## Required work
Excluding any images, copy all of the lines below precisely as written.

## Data segment
[Start of Attachment]

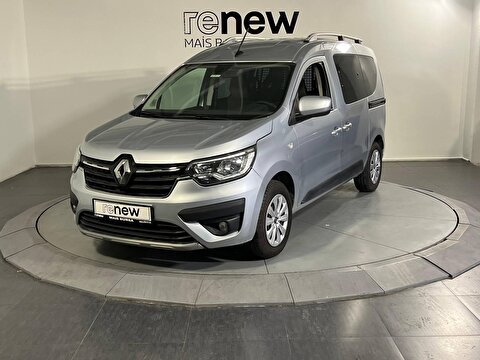 renault, express, kombi 1.5 bluedcı joy, manuel, dizel 2.el otomobil | renew 40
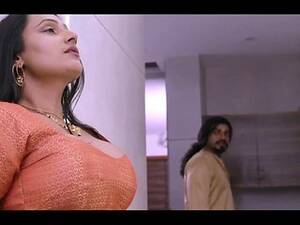 bhoot lesbian blonde threesome - Housewife videos on Hot-Sex-Tube.com - Free porn videos, XXX porn movies,  Hot sex tube - page 1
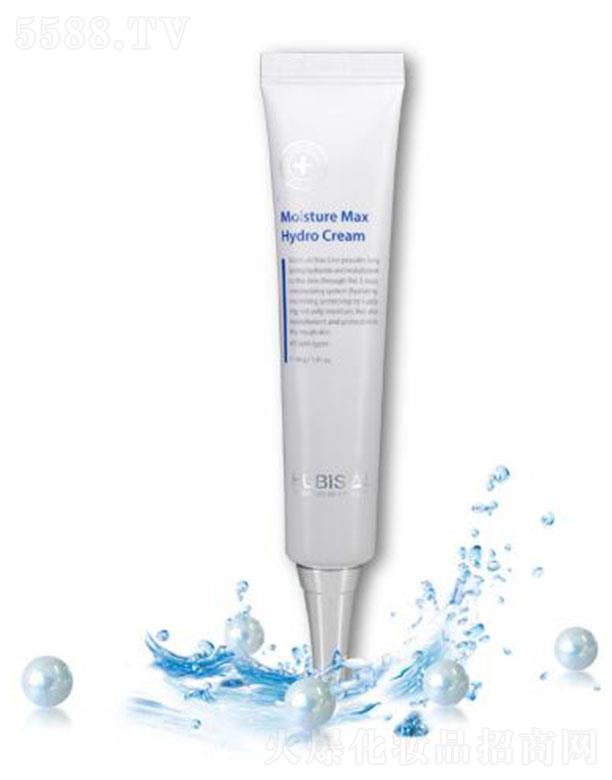 ��h������ɯ�Ƽ�����؟(z��)�ι�˾����h������ɯ HUBISLAB��˪͸���|(zh��)�ᱣ��˪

[End of Attachment]

## Answer section
 renault, express, kombi 1.5 bluedcı joy, manuel, dizel 2.el otomobil | renew 40
 bhoot lesbian blonde threesome - Housewife videos on Hot-Sex-Tube.com - Free porn videos, XXX porn movies,  Hot sex tube - page 1
 ��h������ɯ�Ƽ�����؟(z��)�ι�˾����h������ɯ HUBISLAB��˪͸���|(zh��)�ᱣ��˪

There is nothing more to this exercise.